January 28, 2024
DeepSeek Releases Groundbreaking Open-Source Multimodal Model
Last modified: October 20, 2018
Janus-Pro: Leading the Revolution in Multimodal AI Technology
A major breakthrough in artificial intelligence! On January 28, 2024, DeepSeek made waves with the release of their new open-source multimodal AI model, Janus-Pro, on the Hugging Face platform. This innovative model comes in two parameter sizes - 1B and 7B, with Janus-Pro-7B demonstrating exceptional performance across multiple authoritative benchmarks, successfully surpassing mainstream models including OpenAI's DALL-E 3 and Stable Diffusion.
As an advanced system integrating both image understanding and generation capabilities, Janus-Pro employs SigLIP-L-based image comprehension technology and leverages LlamaGen for high-quality image generation. Notably, even OpenAI's GPT-4 has not yet made its image generation capabilities publicly available.
The Path of Technical Evolution
DeepSeek has shown strong technical innovation capabilities in the multimodal AI field through continuous development:
In early 2024, the team first introduced the basic version of Janus, a breakthrough open-source multimodal model (MLLM). Its innovation lay in achieving visual encoding decoupling, paving new ways for multimodal understanding and generation. This version was built on DeepSeek-LLM-1.3b-base and trained on approximately 500B text tokens. For image processing, the model uses SigLIP-L as its visual encoder, supporting 384x384 resolution image inputs and employing a 16x downsampling rate for image generation.

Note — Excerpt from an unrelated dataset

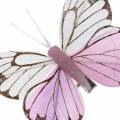 Floristik24 Feather butterfly pink on clip 6cm 10 pieces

In November 2024, DeepSeek released JanusFlow, a revolutionary unified image generation framework. Its uniqueness lies in its minimalist design philosophy, cleverly combining autoregressive language models with advanced generative model methods. Research has shown that this framework can be trained directly within existing large language model architectures without requiring complex structural modifications.
Janus-Pro: Technical Breakthroughs and Innovation
At the beginning of 2025, the Janus series welcomed a major upgrade with the official release of Janus-Pro. This version inherits the advantages of the original architecture while introducing multiple innovations:
Core Technical Features:
- Innovative autoregressive framework design
- Visual encoding path decoupling technology
- Unified transformer architecture
- Flexible multimodal processing capabilities
Technical Implementation Details:
- Visual encoding parsing as a core design principle
- Independent encoding method for raw input processing
- Unified autoregressive Transformer architecture
- Innovative feature processing flow:
- Using siglip encoder for image semantic feature extraction
- 2D to 1D feature conversion
- Intelligent feature mapping and adaptation
- Application of VQ token technology
- Multimodal feature sequence fusion processing
Performance and Evaluation
Janus-Pro's training process was extremely rigorous, utilizing the PyTorch-based HAI-LLM framework. Specific training configurations:
- 1.5B version: 16-node cluster, 7-day training cycle
- 7B version: 32-node cluster, 14-day training cycle
- Hardware configuration: 8 A100 (40GB) GPUs per node
In authoritative benchmark tests, Janus-Pro demonstrated excellent performance:
-
Multimodal Understanding Capability:
- MMBench test score: 79.2
- Significantly surpassing:
- Janus (69.4)
- TokenFlow (68.9)
- Morph (75.2)
-
Image Generation Capability:
- GenEval score: 0.80
- Superior to:
- Janus (0.61)
- DALL-E 3 (0.67)
- Stable Diffusion 3 Medium (0.74)
-
Instruction Following Capability:
- GenEval overall accuracy: 80%
- Exceeding competitors:
- Transfusion (63%)
- SD3-Medium (74%)
- DALL-E 3 (67%)
- DPG-Bench score: 84.19 (leading all benchmark solutions)
Open Source and Future Prospects
Currently, the complete code for Janus-Pro is available on GitHub: https://github.com/deepseek-ai/Janus
The industry widely believes that DeepSeek's breakthrough progress in the multimodal field, especially innovations in text-to-image and text-to-video directions, is likely to draw strong attention from tech giants including OpenAI and Meta.
Special Note: Due to recent large-scale network attacks, DeepSeek has temporarily restricted registration for non-mainland China phone numbers. Overseas users need to use virtual numbers for registration. Registered users are not affected and can continue to use platform services normally.